MORPHINE 1
Morphine and Its Relationship to Endorphins in the Human Body
Tammi McDaniel
South Gibson County High School Honors Chemistry
Revised 12/13/15
Abstract
This paper explores the opiate compound morphine. The paper will cover a brief history of morphine and its chemical structure before moving into a description of how morphine interacts with the human body and nervous system via opioid receptors. The opioid peptide endorphin and its natural production and interaction with the nervous system will be discussed for comparison. The paper will describe the positive use of morphine for pain relief within the clinical setting, but will also reveal the effects and dangers of morphine addiction.This paper will conclude that in many ways the discovery of morphine has been positive and that although morphine and endorphins act similarly, morphine is more powerful and dangerous.
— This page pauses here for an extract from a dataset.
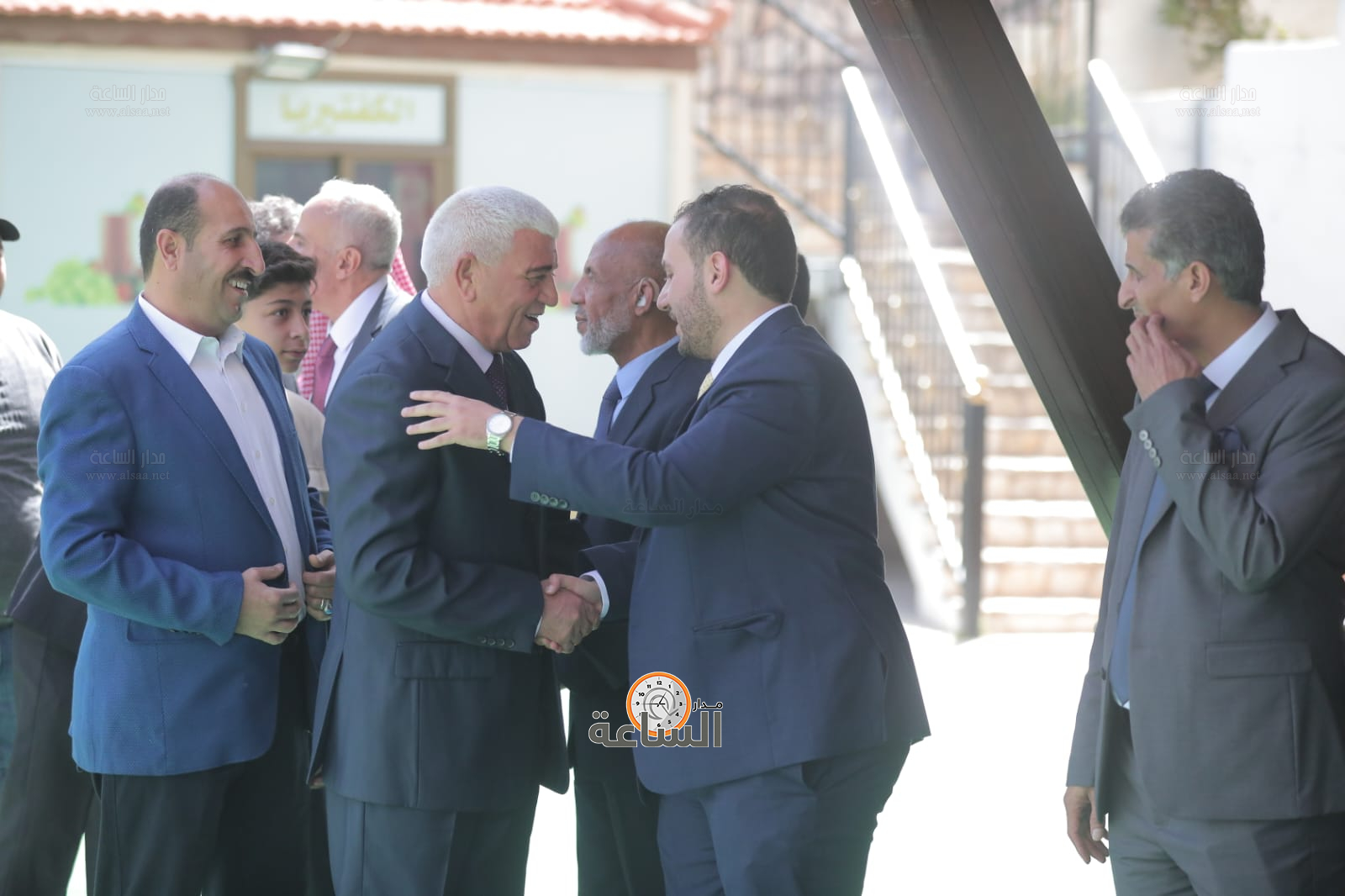 Madar Al-Saa Images 0.6638323400794568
Keywords: addiction, benzylisoquinoline alkaliod, endorphins, morphine, neurotransmitters
Morphine and Its Relationship to Endorphins in the Human Body
Morphine is a drug commonly used in the medical industry. It relieves pain, but it is also addictive. In addition to relieving pain, morphine can induce a feeling of euphoria, produce sleepiness, and impair cognition(Busse, 2006). Endorphins occur naturally in the human body and modify communication in the brain. Endorphins act as the body’s natural painkiller and also produce the effects of sleepiness and sense of well-being without the additional side effect of impaired cognition(Advameg, Inc., 2015). This paper seeks to examine morphine, its effects on the human body, and its relationship to naturally produced endorphins.
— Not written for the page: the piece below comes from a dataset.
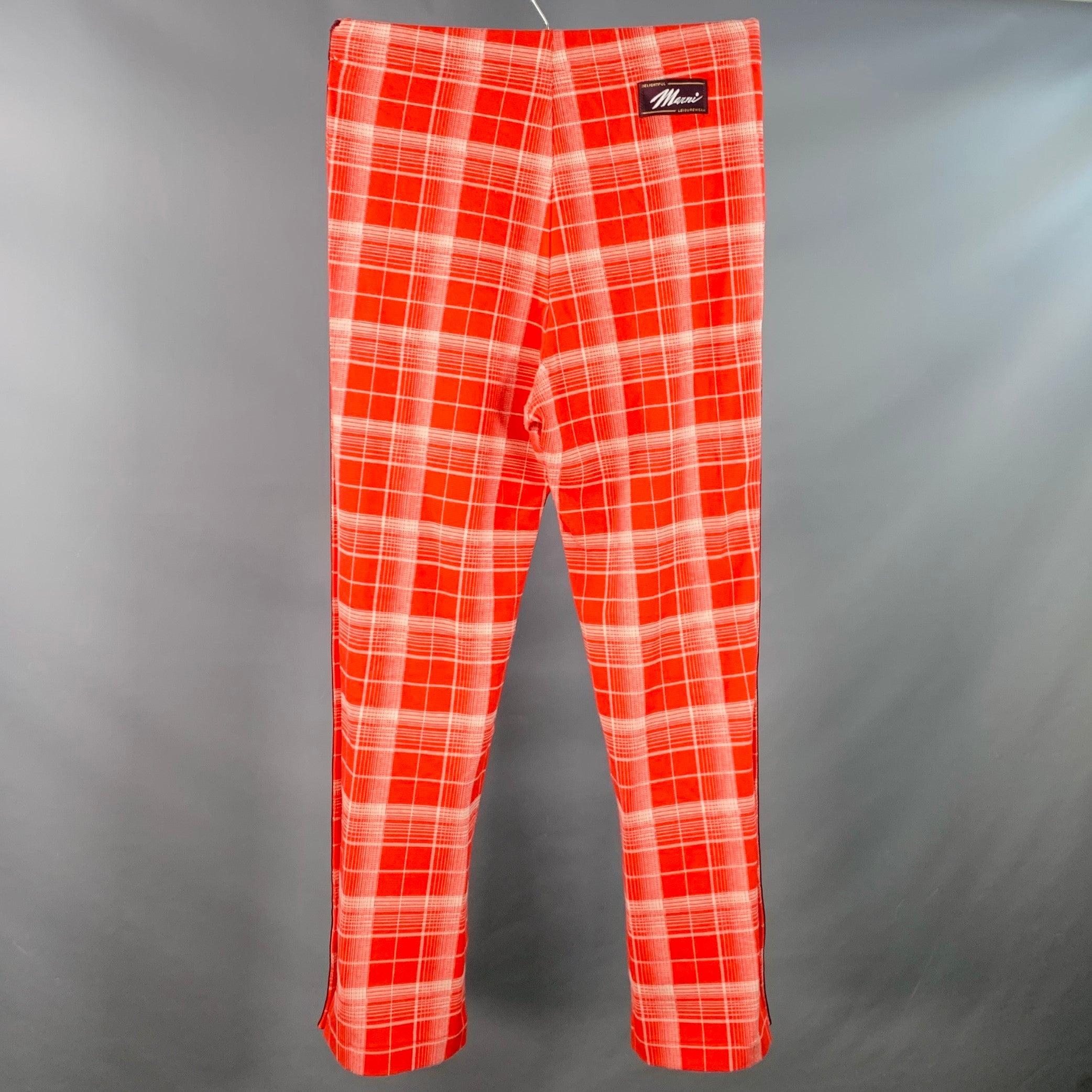 MARNI Freizeithose
aus einem rot-weißen Viskosemischgewebe mit Karomuster, kastanienbraunen Seitenstreifen mit Knöpfen und Kordelzugverschluss. Ausgezeichneter gebrauchter Zustand. 

Markiert:   IT 50 

Abmessungen: 
  Taille: 33 - 36 Zoll Anstieg:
Morphine is one of the principal ingredients of opium, a naturally occurring drug that is cultivated directly from the poppy plant. Morphine and opium are in a category of substances called opiates. Opiates are used for pain reduction in hospitals. The effects of opiates result from their interaction with biological processes inside the human body. For example, opiates alter the functioning of specialized cells called neurons that are found in the nervous system. Neurons help people to sense and perceive light and sound, express emotions, and think. Thus, opiates can affect feelings, cognition, and behavior(Busse, 2006).
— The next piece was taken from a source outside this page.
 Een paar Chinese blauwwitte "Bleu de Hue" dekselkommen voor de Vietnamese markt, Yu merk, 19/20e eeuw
Physicians have used opiates for over a thousandsyears to reduce pain. Ancient texts indicate that even the Sumerians and Greeks had poppy-based medicines. These cultures were also aware of the addictiveness of these chemicals. Greek scholars Hippocrates and Galen stressed control when using opiates. They wrote that although the poppy eases pain and brings sleep, large quantities could cause dependence or death(Busse, 2006). In the early 5th Century, opium was advertised as a cure for quite a number of ailments from dropsy and gout to hysteria and insanity. The peddling of opium in this manner continued into the 18th and 19th Centuries where it was used in elixirs because it gave the illusion of a cure. The added benefit to those producing these elixirs was the frequent return of addicted customers(Hodgson, 2001).
Although it is unknown when the opiate morphine was exactly discovered, it is usually accepted by medical historians that it was discovered between 1805 and 1816 by Fredrich Wilhelm Serturner. Serturner was able to isolate a yellowish-white, crystalline compound from raw opium by immersing it in hot water. He then tested the drug on dogs, three boys, and himself. He discovered that the drug relieved pain, but it also produced a dysphoric feeling and nausea(Busse, 2006).He named the drug morphine after Morpheus, the Greek god of sleep (Mandal, 2013).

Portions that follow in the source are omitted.